May 29, 2020 | Comments

Do we Under-value our Coach Operators?

By Steve Warburton

 

The UK coach industry is a strange and diverse beast. If we exclude the ‘big hitters’ on the express services front, the industry is almost precisely in the form that the late Nicholas Ridley envisaged the bus industry being post-deregulation in that it is principally made up of smaller companies, often family-owned, serving fairly small markets on very tight margins but having intimate knowledge of what they do and who their regular customers are.

While each operator knows what it does, few others do and that is one of the industry’s problems. There is no annual collation of coach data by the Office of National Statistics or the DfT. Coaching lacks the big political clout of a Go-Ahead or Stagecoach, which is why it is so good to see the CPT campaigning on the industry’s behalf1.

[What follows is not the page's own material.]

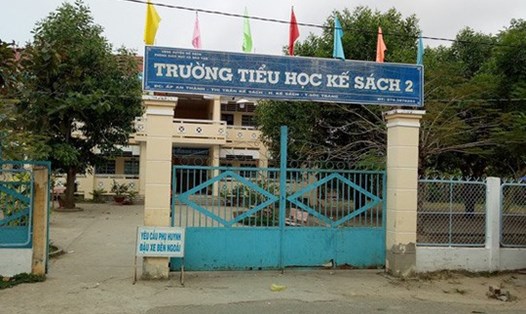 Trường Tiểu học Kế Sách 2 - nơi ông Trang từng công tác.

Photo credit Swards Coaches of Devon – www.sewardscoaches.co.uk

Diversity is certainly a trait of the coach business. There probably is no simple answer to the simple question of ‘what does a coach operator do?’. There are those who supply superannuated fleets to ferry schoolchildren to and from school and very little else; there are those who do indeed ‘do’ school transport, but who have different strands of the business built on including the traditional day excursion market, concerts, away matches, private hire, pretending to be trains and what used to be called ‘extended tours’, taking a group away for several days staying overnight in hotels.

There are specialists too, such as those providing very upmarket transport for music groups on tour, anything from Orchestra to Ozzy Osbourne. In recent years, the growth of the cruise ship trade has been intrinsically linked with coaches. Berths for huge ships are seldom in convenient or especially scenic spots. Their occupants want to go places and see things, if necessarily briefly, unless that is, they have a particular penchant for shipping containers.

As an aside, the bus and coach industry might legitimately worry about the point at which passengers will feel safe travelling together but those concerns must be writ large for cruise ships after being described as ‘floating petri dishes for disease’ and so on. It’s difficult to envisage a rush back to cruising.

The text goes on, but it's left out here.